- Monika Frimmer, c. 1990
- Born: 16 August 1957 Marburg, Hesse, Germany
- Died: 26 December 2022 (aged 65) Schwarmstedt, Lower Saxony, Germany
- Education: Hochschule für Musik und Theater Hannover
- Occupation: Classical soprano
- Organization: Staatsoper Hannover

= Monika Frimmer =

German soprano in opera and concert (1957–2022)

Monika Frimmer (16 August 1957 – 26 December 2022) was a German soprano in opera and concert.

== Career ==

Monika Frimmer studied at the Hochschule für Musik und Theater Hannover in Hannover. She studied further in master-classes and worked with Birgit Nilsson, Elisabeth Schwarzkopf and Jörg Demus. In 1980 she was a winner in the national competition Bundeswettbewerb Gesang Berlin.

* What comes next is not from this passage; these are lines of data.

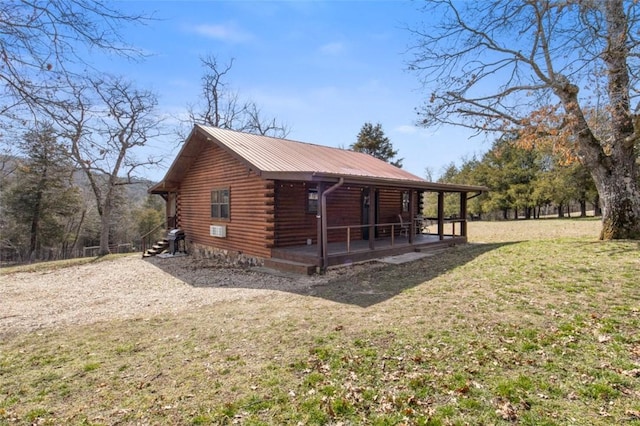 view of property exterior featuring a yard, metal roof, and log exterior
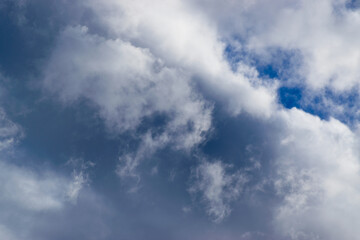 Obraz premium Beautiful blue sky with white fluffy clouds, natural daytime image, cloudscape with copy space. Scenic beauty of nature of Leh, Ladakh, India. Ladakh is known for clear atmosphere, bright environment.
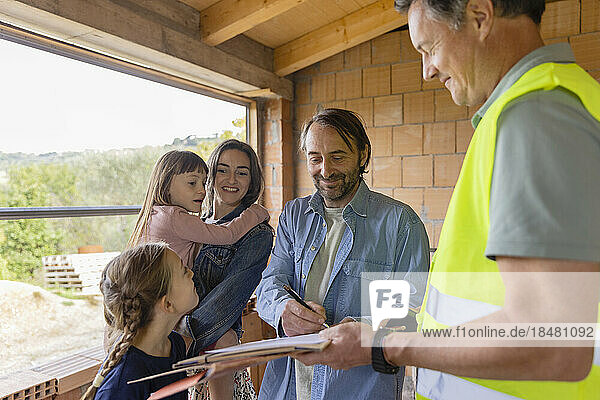Reifer Mann mit Familie unterschreibt Dokument auf der Baustelle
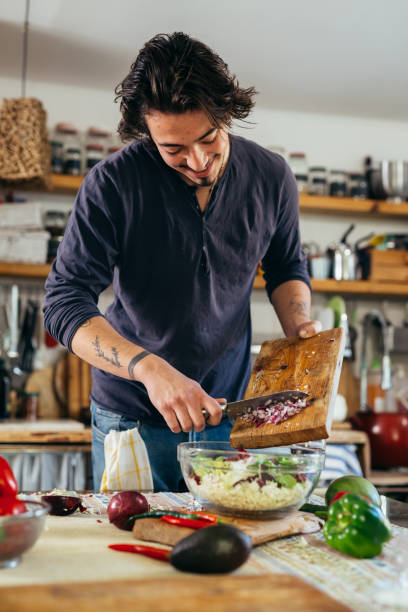 istock man preparing food in home kitchen 1387013146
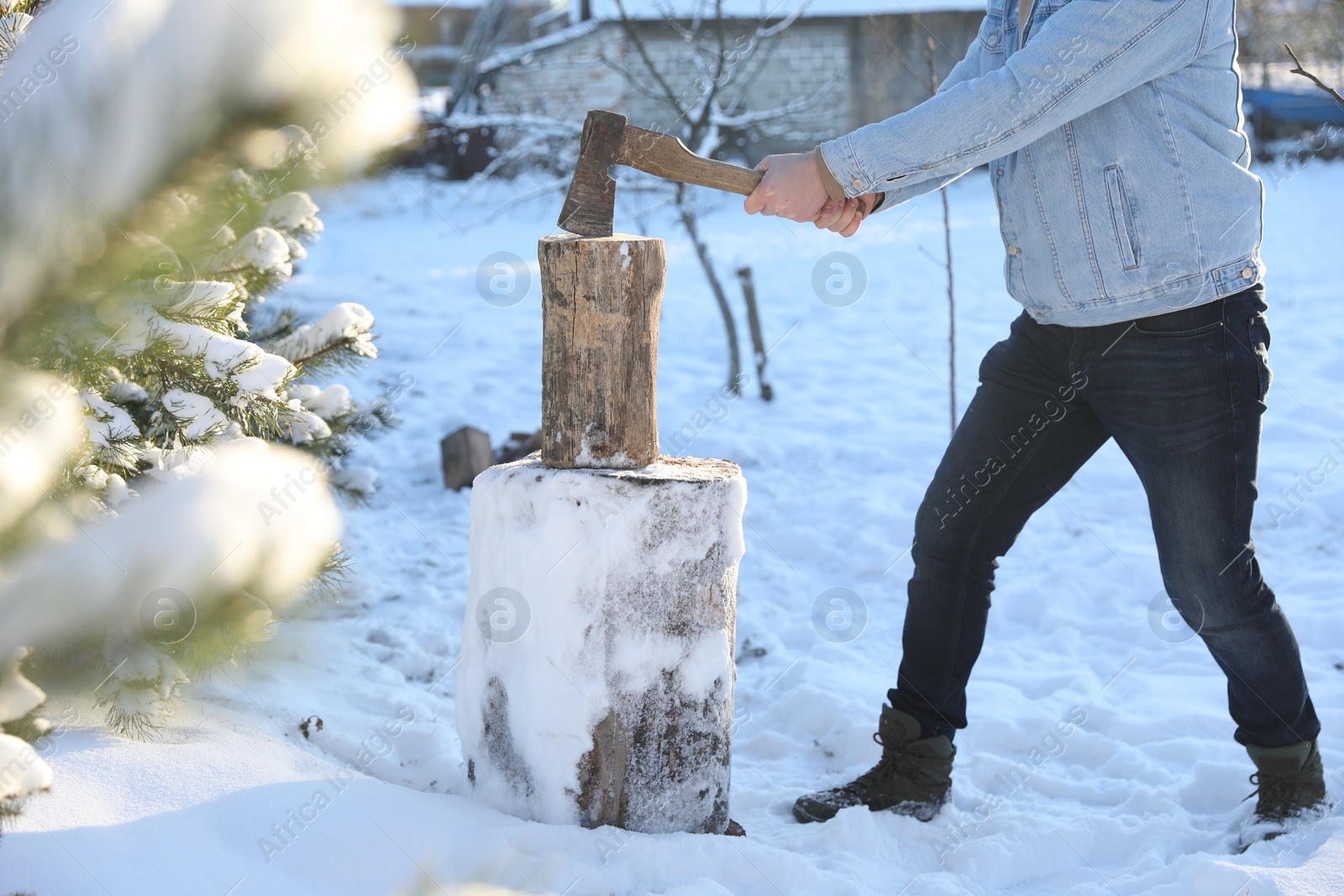 Photo of Man chopping wood with axe outdoors on winter day, closeup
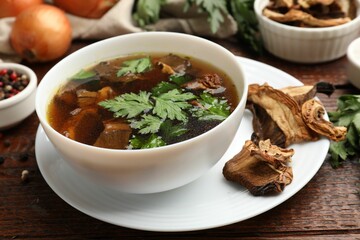 Tasty soup with mushrooms and parsley in bowl on wooden table, closeup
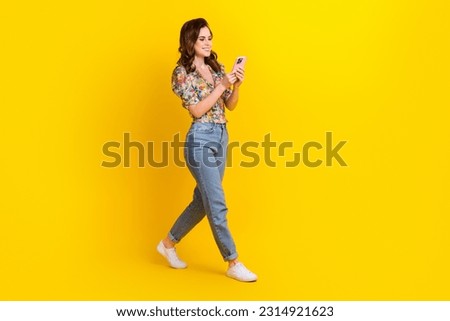 Full size photo of young brown hair girl wavy hair blouse flowers print chatting smartphone walking isolated on yellow color background
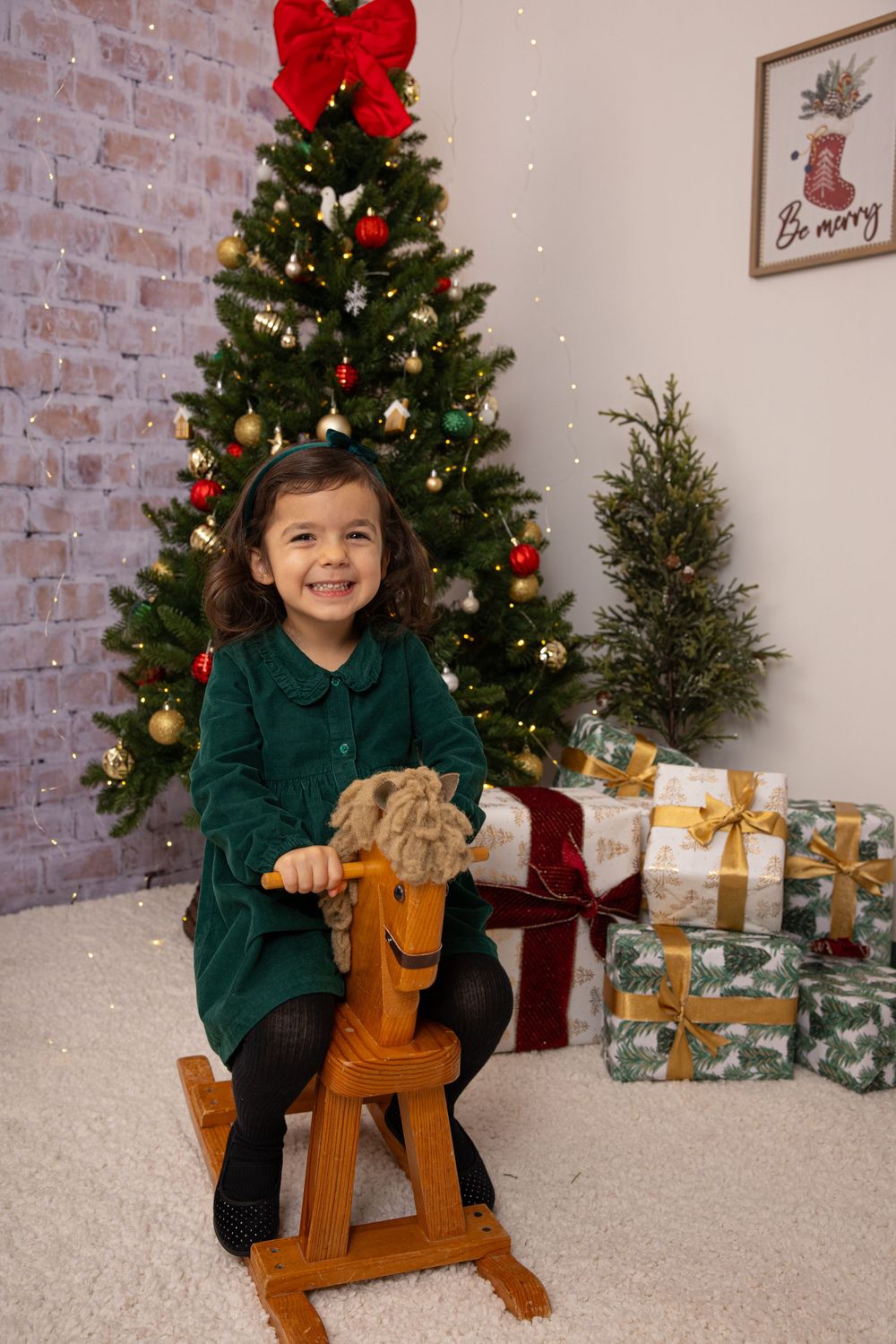A cozy holiday setting with a green-dressed figure on a wooden rocking horse near a Christmas tree.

She was a member of the ensemble of the Staatsoper Hannover as a lyric soprano from 1980 to 1993. In 1982 she appeared as Anima in a scenic production of Cavalieri's Rappresentatione di Anima, et di Corpo in the Marktkirche, conducted by Hans-Martin Linde. She sang the role of Najade in Ariadne auf Naxos by Richard Strauss. In the opera Ermann Wolf-Ferrari's Sly, revived by the Staatsoper Hannover, she appeared as Rosalina. From 1993 she worked as a free-lance singer in opera, oratorio and Lied.

In 1987, Frimmer sang in a recording of Buxtehude's Membra Jesu nostri, conducted by Ton Koopman, with Barbara Schlick, Michael Chance, Christoph Prégardien, Peter Kooy, the Knabenchor Hannover and the Amsterdam Baroque Orchestra. In the Neustädter Kirche, Hannover, she sang in choral concerts, in 1996 Ein deutsches Requiem, and in 1988 Stravinsky's Cantata and Mozart's Great Mass in C minor. In 1991, she performed there Bach's St Matthew Passion in the last concert conducted by Erhard Egidi, together with Dantes Diwiak, Anselm Richter, Ralf Popken and Joachim Gebhardt. In 1998, she recorded the St Matthew Passion with the Thomanerchor and the Gewandhausorchester Leipzig, conducted by Georg Christoph Biller. She was a soprano soloist in the cycles of Bach cantatas of both Gustav Leonhardt and Masaaki Suzuki. With Leonhardt she also recorded Bach's Easter Oratorio and Ascension Oratorio, and with Suzuki Bach's Christmas Oratorio.

In 2002, she founded together with Christa Bonhoff, Diwiak and Peter Kooy a quartet Tanto Canto to sing rarely performed music a cappella, with piano or with ensemble. The quartet recorded in 2005 excerpts from the collections Augsburger Tafel-Confect (short for: Ohren-vergnügendes und Gemüth-ergötzendes Tafel-Confect, in English: Augsburg Table Confectionery, Pleasuring the Ears and Delightful to the Soul) of the composers Valentin Rathgeber and Johann Caspar Seyfert. She collaborated regularly with the Trio di Clarone and the Ensemble Incanto. Her piano accompanist for Lieder was Liese Klahn.

Frimmer died in Schwarmstedt on 26 December 2022, at the age of 65.